And they probably never knew…
I am sure they never knew it. But because they wanted to participate in democracy, they had this effect on someone who became very important in terms of the momentum against the war. Very often these injustices happen because of poverty, because of racism, because people don’t have a voice, so when people do come out and want to get the dialogue going, especially if they can do it in a large public forum, it does make a difference. But it may not be something that you see immediately.
If you don’t always see the results, how can you motivate other people to help fight for a worthy cause?
In a world that is coming apart at the seams, if you want to have hope, you should go work with kind of organization that is accomplishing something. Taking the time to see another person and try to listen to them and help them is so healing for yourself. It counteracts all negativity and violence just to see the power of love.
Has your capacity for love changed over the years?
Everything changes. The longer you live, the longer you make mistakes, the more compassion you have, the more forgiving you are. Your priorities change in terms of how you define love and what you demand of somebody. But you are hoping to move towards something that is a non-possessive kind of love and honesty. It’s like every other muscle. The more practice it gets the better the love and the more open it can be. What you think love is definitely changes from the time you are 18 until when you are 48. Let’s hope it changes.

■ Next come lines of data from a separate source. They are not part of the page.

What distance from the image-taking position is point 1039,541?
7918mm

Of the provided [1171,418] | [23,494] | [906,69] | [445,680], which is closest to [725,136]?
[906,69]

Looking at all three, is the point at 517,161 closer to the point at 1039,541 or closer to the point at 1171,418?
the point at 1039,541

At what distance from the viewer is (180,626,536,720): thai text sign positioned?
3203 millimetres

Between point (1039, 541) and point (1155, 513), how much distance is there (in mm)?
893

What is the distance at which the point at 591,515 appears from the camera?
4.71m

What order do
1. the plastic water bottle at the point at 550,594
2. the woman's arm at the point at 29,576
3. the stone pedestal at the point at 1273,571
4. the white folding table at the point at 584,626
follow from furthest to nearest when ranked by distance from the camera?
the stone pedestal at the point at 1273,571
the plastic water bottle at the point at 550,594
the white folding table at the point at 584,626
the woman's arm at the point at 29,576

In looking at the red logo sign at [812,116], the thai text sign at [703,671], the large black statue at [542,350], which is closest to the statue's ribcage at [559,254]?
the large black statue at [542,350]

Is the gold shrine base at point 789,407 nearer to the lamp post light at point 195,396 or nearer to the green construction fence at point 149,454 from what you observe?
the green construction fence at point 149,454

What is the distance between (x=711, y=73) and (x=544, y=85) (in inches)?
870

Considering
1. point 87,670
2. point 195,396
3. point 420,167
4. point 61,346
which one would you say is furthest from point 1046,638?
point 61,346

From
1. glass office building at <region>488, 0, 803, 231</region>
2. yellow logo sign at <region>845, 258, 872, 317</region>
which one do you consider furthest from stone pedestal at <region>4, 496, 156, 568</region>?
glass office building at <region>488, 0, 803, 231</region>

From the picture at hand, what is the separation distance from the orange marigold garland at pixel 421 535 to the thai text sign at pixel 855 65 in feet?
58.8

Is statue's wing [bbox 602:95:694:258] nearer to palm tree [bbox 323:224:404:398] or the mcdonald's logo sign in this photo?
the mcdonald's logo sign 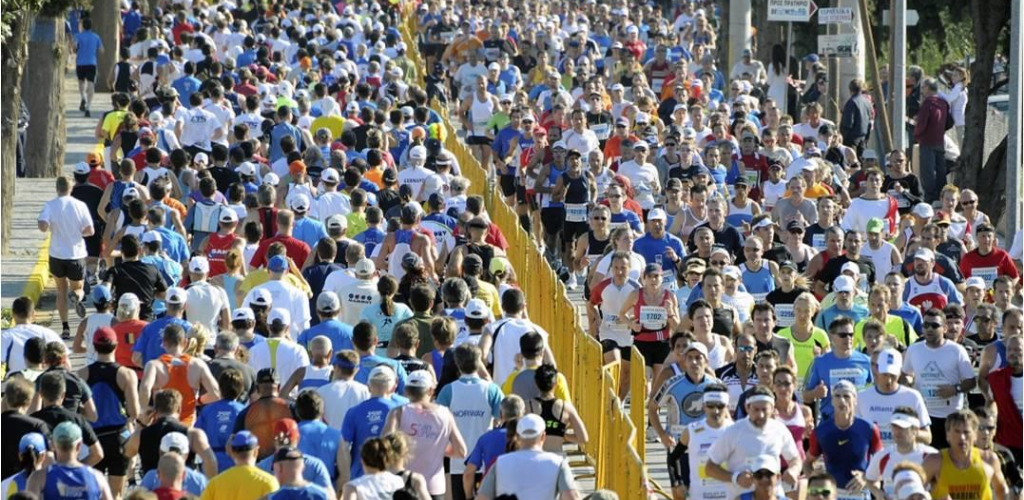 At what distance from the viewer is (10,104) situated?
24.4m

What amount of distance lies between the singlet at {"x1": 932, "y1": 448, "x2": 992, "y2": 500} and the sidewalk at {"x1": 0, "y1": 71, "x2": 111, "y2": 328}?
10.2 metres

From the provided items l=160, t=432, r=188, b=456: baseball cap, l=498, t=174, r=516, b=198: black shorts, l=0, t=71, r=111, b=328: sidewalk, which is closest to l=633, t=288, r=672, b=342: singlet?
l=160, t=432, r=188, b=456: baseball cap

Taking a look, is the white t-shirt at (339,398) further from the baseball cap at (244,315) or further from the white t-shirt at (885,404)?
the white t-shirt at (885,404)

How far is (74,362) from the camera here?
1934cm

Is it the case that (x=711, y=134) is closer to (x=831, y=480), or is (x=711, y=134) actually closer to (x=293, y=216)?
(x=293, y=216)

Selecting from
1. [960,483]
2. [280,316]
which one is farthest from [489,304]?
[960,483]

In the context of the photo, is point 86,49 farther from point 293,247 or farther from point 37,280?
point 293,247

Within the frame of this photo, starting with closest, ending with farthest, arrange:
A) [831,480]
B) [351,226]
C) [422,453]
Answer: [831,480] → [422,453] → [351,226]

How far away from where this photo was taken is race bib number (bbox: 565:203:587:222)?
22.4 meters

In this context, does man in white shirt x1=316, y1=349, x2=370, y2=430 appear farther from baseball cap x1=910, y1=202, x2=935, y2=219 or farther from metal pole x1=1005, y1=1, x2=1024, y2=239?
metal pole x1=1005, y1=1, x2=1024, y2=239

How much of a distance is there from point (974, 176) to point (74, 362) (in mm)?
12903

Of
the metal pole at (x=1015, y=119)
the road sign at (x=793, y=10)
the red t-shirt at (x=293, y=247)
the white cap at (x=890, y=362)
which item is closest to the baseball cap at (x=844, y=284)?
the white cap at (x=890, y=362)

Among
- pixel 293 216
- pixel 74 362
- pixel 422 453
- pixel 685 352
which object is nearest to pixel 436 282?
pixel 293 216

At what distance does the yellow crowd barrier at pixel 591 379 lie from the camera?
13094 mm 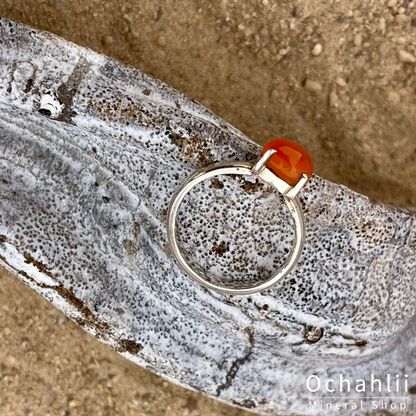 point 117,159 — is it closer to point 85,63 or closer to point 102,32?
point 85,63

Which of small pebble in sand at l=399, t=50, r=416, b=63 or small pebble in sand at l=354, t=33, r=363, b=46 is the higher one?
small pebble in sand at l=354, t=33, r=363, b=46

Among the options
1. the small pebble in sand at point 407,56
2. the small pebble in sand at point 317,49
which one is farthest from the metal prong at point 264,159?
the small pebble in sand at point 407,56

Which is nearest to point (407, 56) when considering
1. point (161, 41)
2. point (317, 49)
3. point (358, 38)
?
point (358, 38)

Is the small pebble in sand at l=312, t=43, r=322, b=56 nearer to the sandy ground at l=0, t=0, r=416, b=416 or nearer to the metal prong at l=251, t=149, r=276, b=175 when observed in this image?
the sandy ground at l=0, t=0, r=416, b=416

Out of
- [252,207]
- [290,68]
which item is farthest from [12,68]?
[290,68]

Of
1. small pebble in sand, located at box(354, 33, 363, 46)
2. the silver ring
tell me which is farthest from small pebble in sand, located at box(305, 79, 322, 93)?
the silver ring

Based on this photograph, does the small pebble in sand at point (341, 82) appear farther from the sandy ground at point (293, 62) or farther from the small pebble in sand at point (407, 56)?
the small pebble in sand at point (407, 56) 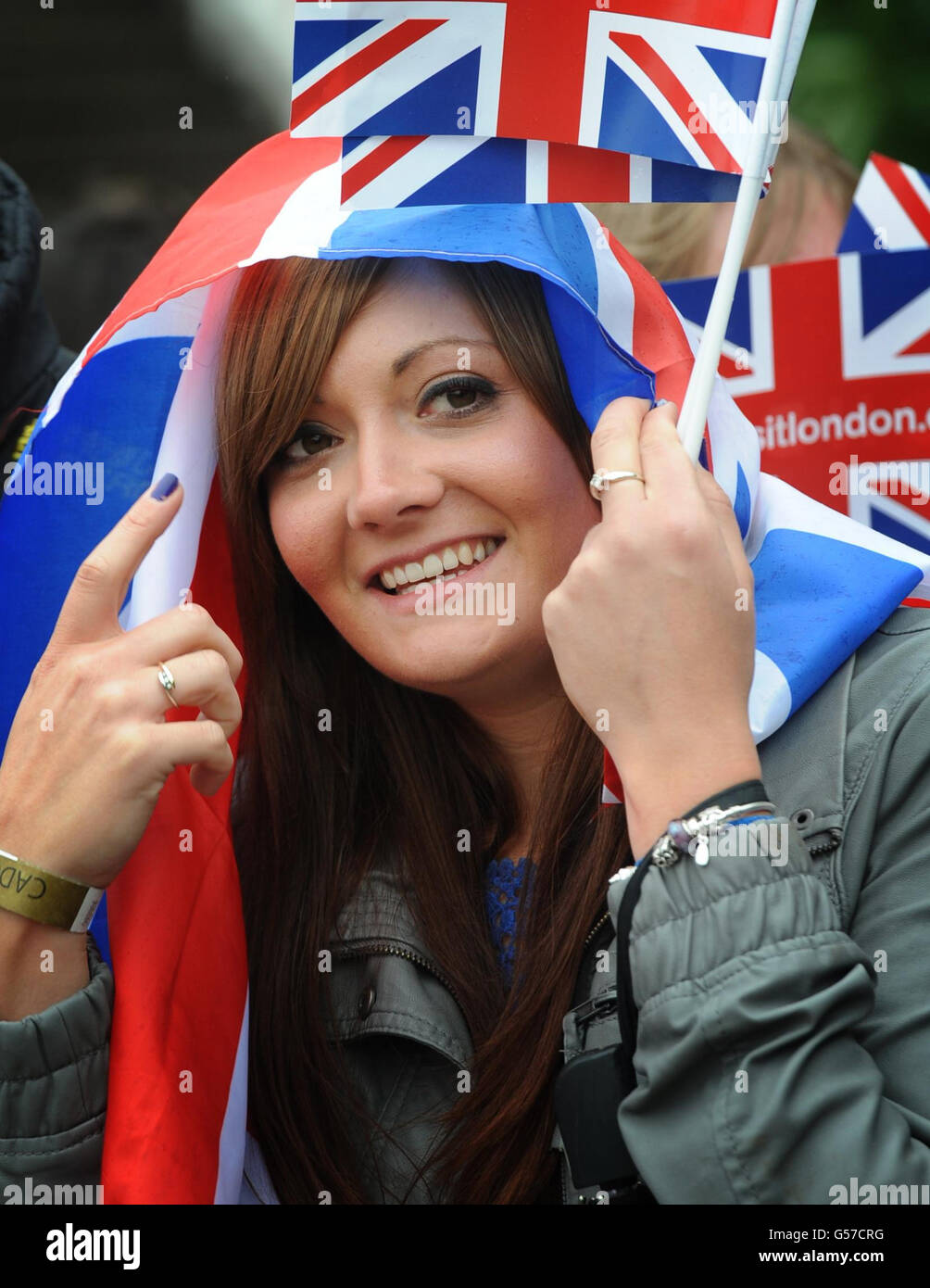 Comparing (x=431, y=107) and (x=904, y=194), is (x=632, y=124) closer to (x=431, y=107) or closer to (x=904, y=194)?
(x=431, y=107)

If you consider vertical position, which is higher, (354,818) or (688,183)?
(688,183)

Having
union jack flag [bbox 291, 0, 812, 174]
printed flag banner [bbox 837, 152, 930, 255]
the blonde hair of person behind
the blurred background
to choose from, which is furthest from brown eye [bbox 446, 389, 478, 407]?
the blurred background

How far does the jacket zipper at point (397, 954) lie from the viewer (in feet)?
6.98

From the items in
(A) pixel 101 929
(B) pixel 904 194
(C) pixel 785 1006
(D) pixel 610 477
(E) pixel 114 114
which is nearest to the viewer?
(C) pixel 785 1006

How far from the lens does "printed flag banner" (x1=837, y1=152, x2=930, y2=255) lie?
354 centimetres

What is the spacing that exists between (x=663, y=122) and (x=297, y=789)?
1.19 m

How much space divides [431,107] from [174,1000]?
128cm

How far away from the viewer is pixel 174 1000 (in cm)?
214

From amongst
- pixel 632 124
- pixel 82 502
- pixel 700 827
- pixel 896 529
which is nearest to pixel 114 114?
pixel 896 529

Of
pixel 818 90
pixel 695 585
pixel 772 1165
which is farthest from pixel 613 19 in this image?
pixel 818 90

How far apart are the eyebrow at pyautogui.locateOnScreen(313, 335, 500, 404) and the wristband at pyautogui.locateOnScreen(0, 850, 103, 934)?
0.83m

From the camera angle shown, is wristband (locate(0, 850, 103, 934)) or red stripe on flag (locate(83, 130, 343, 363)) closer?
wristband (locate(0, 850, 103, 934))

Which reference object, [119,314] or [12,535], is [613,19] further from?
[12,535]

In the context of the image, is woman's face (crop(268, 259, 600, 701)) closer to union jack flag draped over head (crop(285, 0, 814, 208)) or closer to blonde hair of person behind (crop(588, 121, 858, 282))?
union jack flag draped over head (crop(285, 0, 814, 208)) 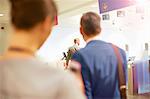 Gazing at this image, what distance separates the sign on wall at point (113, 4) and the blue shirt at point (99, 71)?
12.7 ft

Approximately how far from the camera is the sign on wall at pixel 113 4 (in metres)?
5.85

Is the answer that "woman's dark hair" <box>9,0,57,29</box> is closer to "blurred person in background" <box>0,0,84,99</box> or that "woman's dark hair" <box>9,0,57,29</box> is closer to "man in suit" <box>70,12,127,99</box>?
"blurred person in background" <box>0,0,84,99</box>

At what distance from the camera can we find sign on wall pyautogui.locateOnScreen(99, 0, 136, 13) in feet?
19.2

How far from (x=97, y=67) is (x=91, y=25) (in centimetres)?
30

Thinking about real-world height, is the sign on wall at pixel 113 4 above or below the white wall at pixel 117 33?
above

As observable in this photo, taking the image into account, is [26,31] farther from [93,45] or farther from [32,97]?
[93,45]

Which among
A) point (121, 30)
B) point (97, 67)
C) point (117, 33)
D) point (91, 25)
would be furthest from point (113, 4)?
point (117, 33)

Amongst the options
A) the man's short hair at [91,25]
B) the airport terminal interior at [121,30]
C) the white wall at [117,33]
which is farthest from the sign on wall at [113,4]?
the man's short hair at [91,25]

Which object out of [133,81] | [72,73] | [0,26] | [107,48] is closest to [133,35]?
[133,81]

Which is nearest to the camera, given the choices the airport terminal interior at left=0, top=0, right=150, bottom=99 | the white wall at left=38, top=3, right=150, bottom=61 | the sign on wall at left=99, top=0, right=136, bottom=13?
the sign on wall at left=99, top=0, right=136, bottom=13

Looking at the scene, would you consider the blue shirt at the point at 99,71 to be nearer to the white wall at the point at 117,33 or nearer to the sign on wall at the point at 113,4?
the sign on wall at the point at 113,4

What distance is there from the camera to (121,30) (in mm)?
11289

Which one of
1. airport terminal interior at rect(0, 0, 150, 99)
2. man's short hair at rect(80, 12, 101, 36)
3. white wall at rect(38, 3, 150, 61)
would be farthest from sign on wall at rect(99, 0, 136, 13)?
man's short hair at rect(80, 12, 101, 36)

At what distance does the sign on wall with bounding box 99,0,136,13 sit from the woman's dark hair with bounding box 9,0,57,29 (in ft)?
16.7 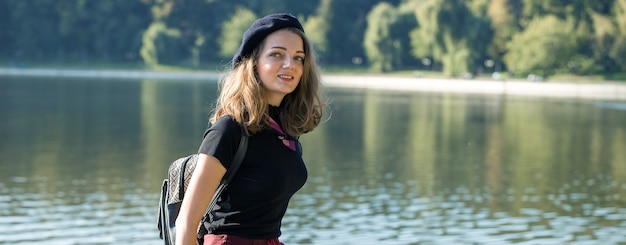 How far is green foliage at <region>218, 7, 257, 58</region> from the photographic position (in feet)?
318

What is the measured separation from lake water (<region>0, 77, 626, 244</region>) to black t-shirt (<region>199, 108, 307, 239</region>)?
9.60 meters

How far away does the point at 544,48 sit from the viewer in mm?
72500

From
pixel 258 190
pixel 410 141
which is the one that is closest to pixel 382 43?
pixel 410 141

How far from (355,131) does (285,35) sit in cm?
2887

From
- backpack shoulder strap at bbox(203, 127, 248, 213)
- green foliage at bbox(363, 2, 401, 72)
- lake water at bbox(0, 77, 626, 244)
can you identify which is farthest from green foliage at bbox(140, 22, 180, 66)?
backpack shoulder strap at bbox(203, 127, 248, 213)

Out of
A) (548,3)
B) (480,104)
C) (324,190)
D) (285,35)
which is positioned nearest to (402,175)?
(324,190)

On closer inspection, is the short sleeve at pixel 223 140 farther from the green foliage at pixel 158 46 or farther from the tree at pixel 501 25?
the green foliage at pixel 158 46

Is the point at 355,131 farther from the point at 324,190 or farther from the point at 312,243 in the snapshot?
the point at 312,243

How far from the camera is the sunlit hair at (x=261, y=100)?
303 centimetres

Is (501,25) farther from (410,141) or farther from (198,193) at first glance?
(198,193)

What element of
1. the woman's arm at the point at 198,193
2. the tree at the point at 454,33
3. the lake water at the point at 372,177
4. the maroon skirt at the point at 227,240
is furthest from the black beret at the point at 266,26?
the tree at the point at 454,33

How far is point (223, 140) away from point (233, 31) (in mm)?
95756

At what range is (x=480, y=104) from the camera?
167 ft

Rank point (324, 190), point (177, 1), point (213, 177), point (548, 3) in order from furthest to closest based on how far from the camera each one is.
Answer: point (177, 1) < point (548, 3) < point (324, 190) < point (213, 177) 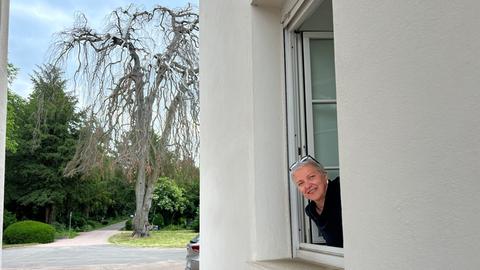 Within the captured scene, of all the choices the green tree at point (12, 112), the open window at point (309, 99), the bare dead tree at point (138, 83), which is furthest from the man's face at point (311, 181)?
the green tree at point (12, 112)

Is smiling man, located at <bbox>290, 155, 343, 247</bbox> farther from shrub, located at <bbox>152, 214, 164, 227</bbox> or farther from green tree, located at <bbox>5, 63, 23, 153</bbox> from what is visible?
shrub, located at <bbox>152, 214, 164, 227</bbox>

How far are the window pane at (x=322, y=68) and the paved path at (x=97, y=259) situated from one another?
11262 millimetres

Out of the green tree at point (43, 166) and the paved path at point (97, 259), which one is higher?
the green tree at point (43, 166)

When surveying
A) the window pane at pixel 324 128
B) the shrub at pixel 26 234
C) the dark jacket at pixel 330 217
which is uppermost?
the window pane at pixel 324 128

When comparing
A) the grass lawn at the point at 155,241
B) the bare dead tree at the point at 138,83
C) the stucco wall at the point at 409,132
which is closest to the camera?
the stucco wall at the point at 409,132

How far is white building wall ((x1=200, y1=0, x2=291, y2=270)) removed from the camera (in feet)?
8.70

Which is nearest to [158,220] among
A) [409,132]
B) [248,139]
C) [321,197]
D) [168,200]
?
[168,200]

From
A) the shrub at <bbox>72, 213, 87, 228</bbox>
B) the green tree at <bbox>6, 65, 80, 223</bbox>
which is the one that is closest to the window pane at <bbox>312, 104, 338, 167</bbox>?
the green tree at <bbox>6, 65, 80, 223</bbox>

What is your definition now?
Love is a respect for the divinity in every person. Love is a generosity of spirit. If you truly love someone, it involves trust and honesty. But you can practice love every day without having a partner. I think love has to do with a fierce gratitude for your life. If you are in that state – when you recognize the divinity in every person, it gives you a different perspective on your exchanges with people. Think of the difference a smile makes to someone and try not to get angry when someone in the store is not interested in helping you. If you try to see the humanity in that person, it makes your own life so much better, because you are not taking it personally. I see the power of love to transform things all the time.
Sounds almost religious…
I consider myself a spiritual person, but I don’t really respond well to institutionalized religion. I feel they all start with the same basic tenant at the beginning, but once they became institutionalized most of them have wandered from anything that speaks to me. It’s great that people find comfort in faith, but I don’t understand why a lot of religions claim to be the only one and exclude people. That’s a bad sign.
But that’s human nature. It’s the same with American politics – both sides think they are right and everyone else is wrong.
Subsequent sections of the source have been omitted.